**The task:** Your copy should hold only the lines from the one containing "Purple United Kids" through the final line of the entries, exactly as written, with no pictures.

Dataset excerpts
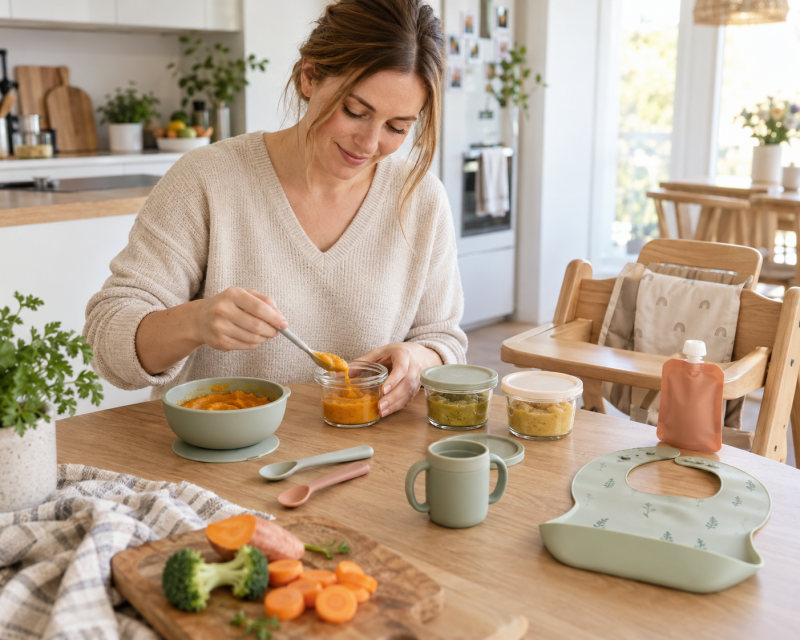 Mutter bereitet Babybrei mit praktischen Beikostprodukten und Vorratsbehältern in der Küche vor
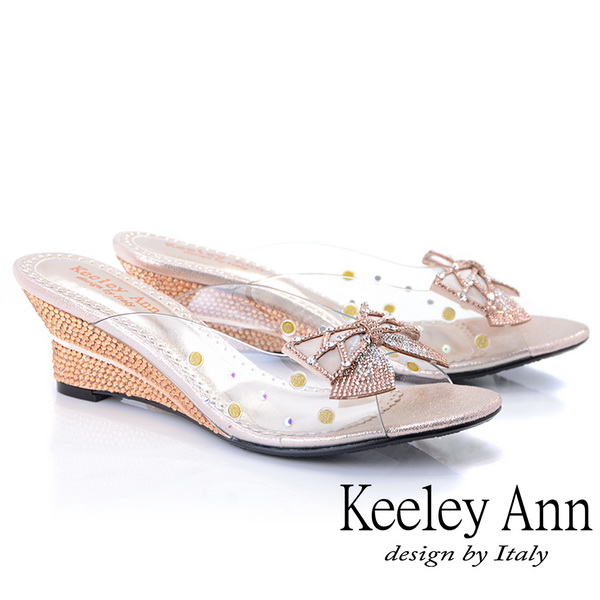 Keeley Ann氣質名媛 精緻水鑽楔型拖鞋(香檳色931003190)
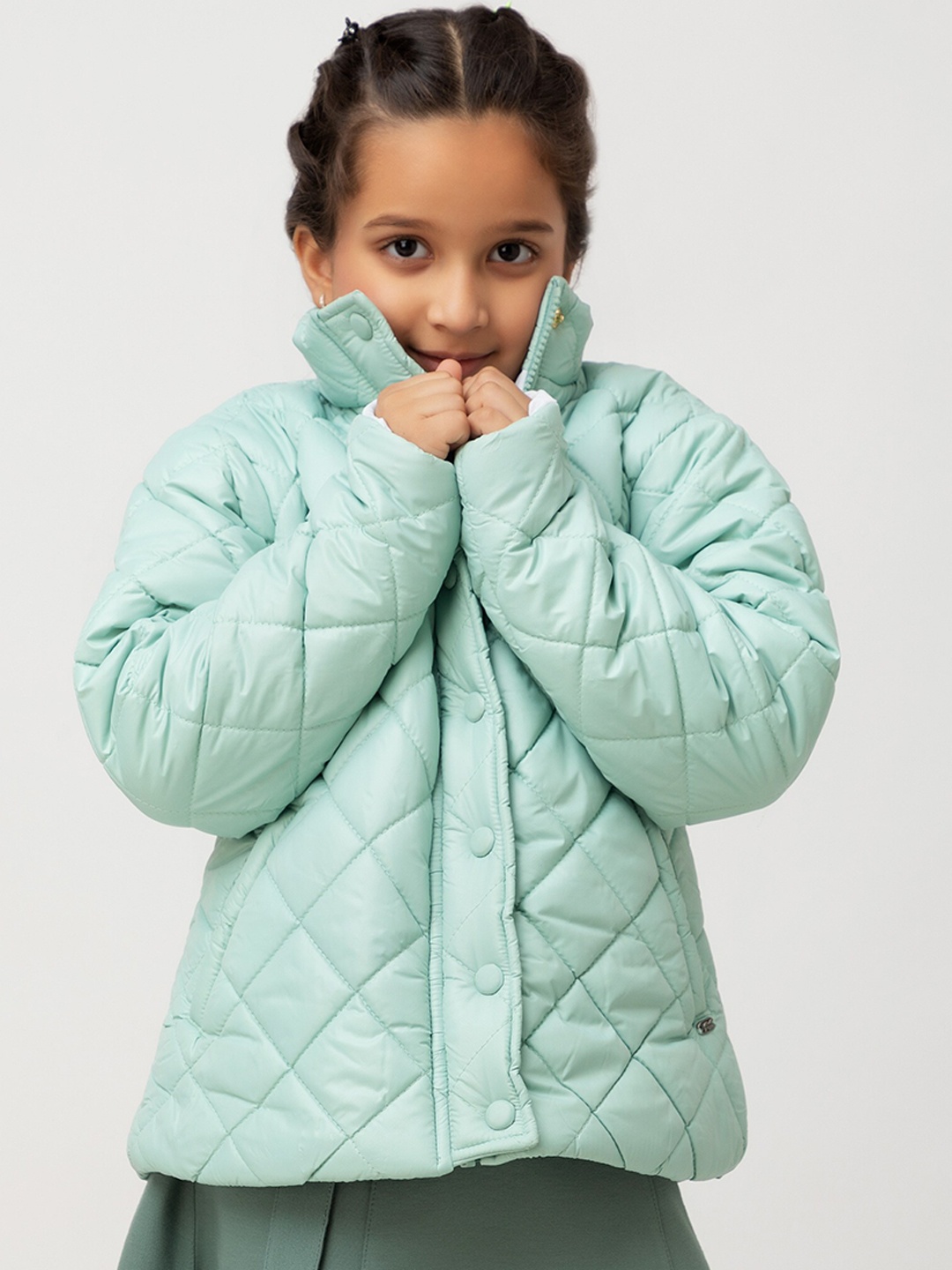 

Purple United Kids Girls Mock Collar Puffer Jacket, Sea green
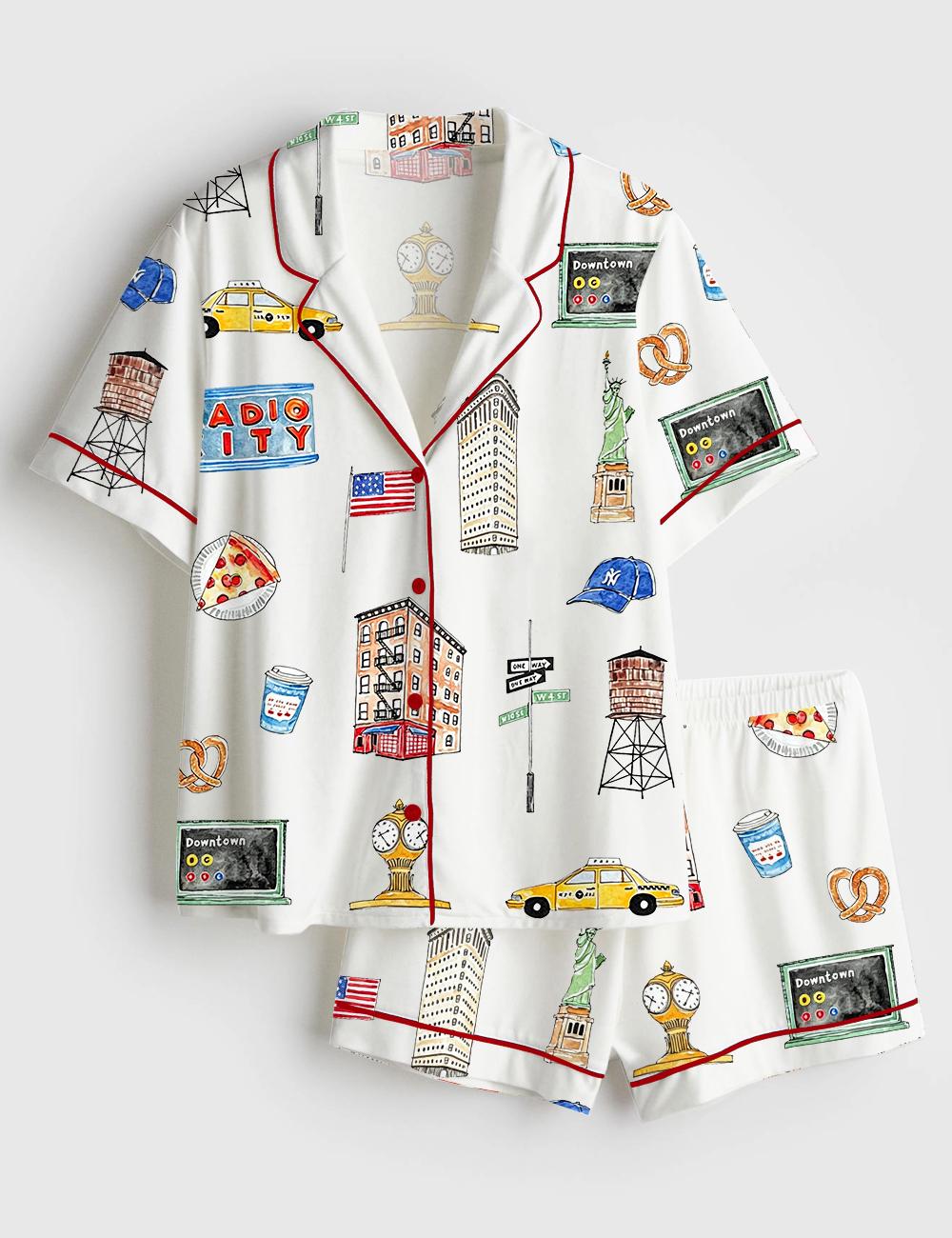New York Pajama Set Women NYC Sleepwear City Print Lounge Outfit Travel Gift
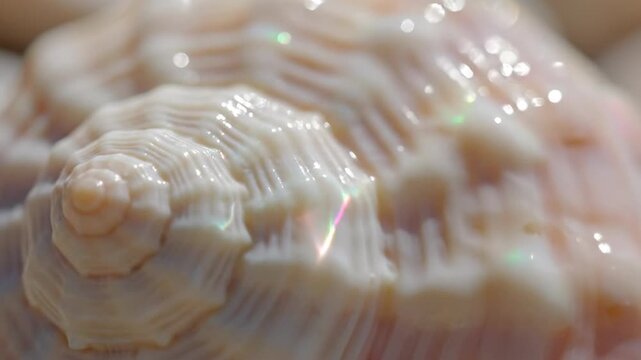 Water Pouring Over Conch Shell Surface with Glistening Droplets 4K Video
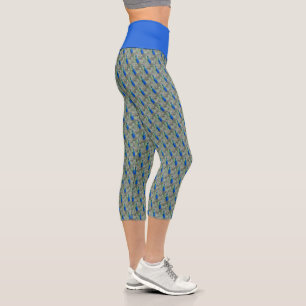 Leggings Capri Beau Motif Peacock Bleu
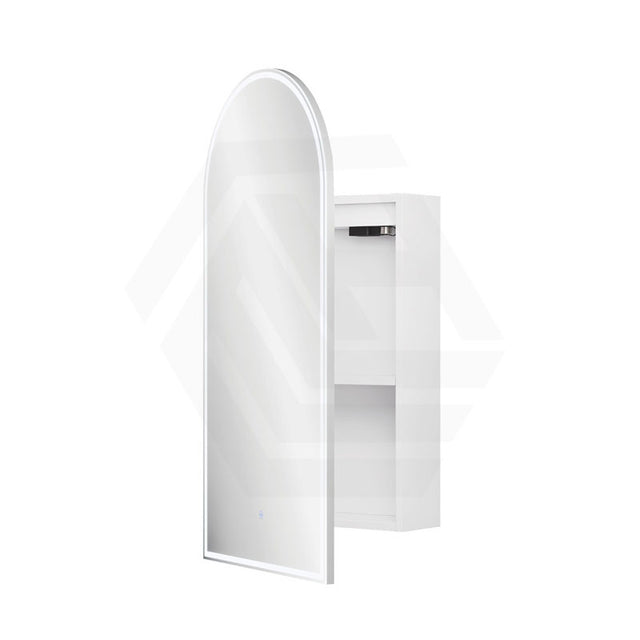 450x900x153mm Fienza Arch Pencil Edge Mirror MDF Board LED Shaving Cabinet Left/Right Hinge Matt White
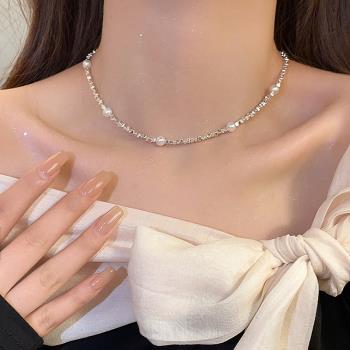 碎銀子珍珠項鏈輕奢鎖骨鏈小眾設計高級感頸鏈2023年新款爆款配飾
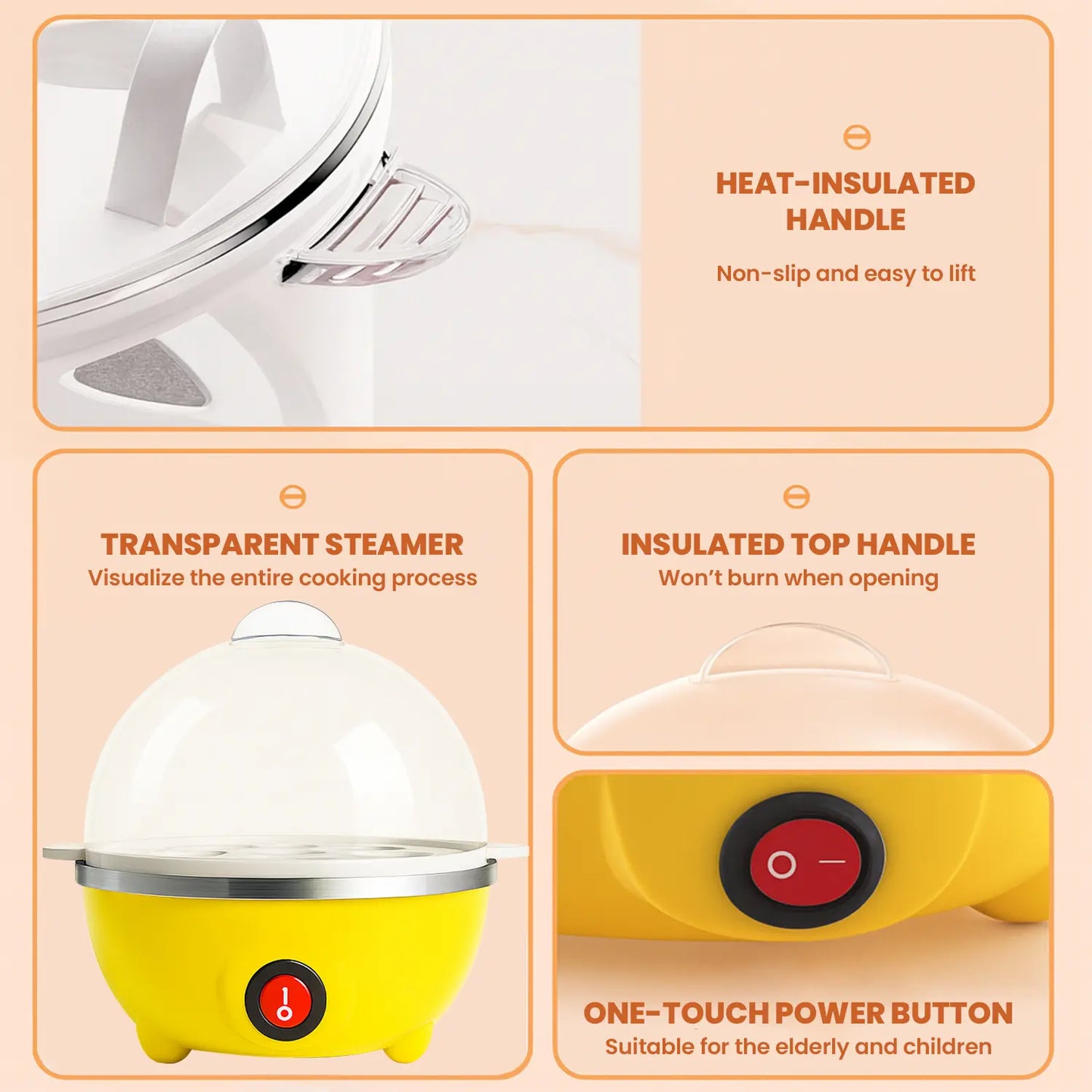 Rapid Egg Cooker,350W Rapid Electric Egg Maker, Egg Steamer,Egg Boiler,Cookers with Automatic Shut Off,7 Eggs Capacity Lazy Egg Boiler,Multifunction Heated Milk,Heated Food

**The completed task:**
Purple United Kids Girls Mock Collar Puffer Jacket, Sea green
New York Pajama Set Women NYC Sleepwear City Print Lounge Outfit Travel Gift
 Water Pouring Over Conch Shell Surface with Glistening Droplets 4K Video
 Leggings Capri Beau Motif Peacock Bleu
 450x900x153mm Fienza Arch Pencil Edge Mirror MDF Board LED Shaving Cabinet Left/Right Hinge Matt White
 碎銀子珍珠項鏈輕奢鎖骨鏈小眾設計高級感頸鏈2023年新款爆款配飾
 Rapid Egg Cooker,350W Rapid Electric Egg Maker, Egg Steamer,Egg Boiler,Cookers with Automatic Shut Off,7 Eggs Capacity Lazy Egg Boiler,Multifunction Heated Milk,Heated Food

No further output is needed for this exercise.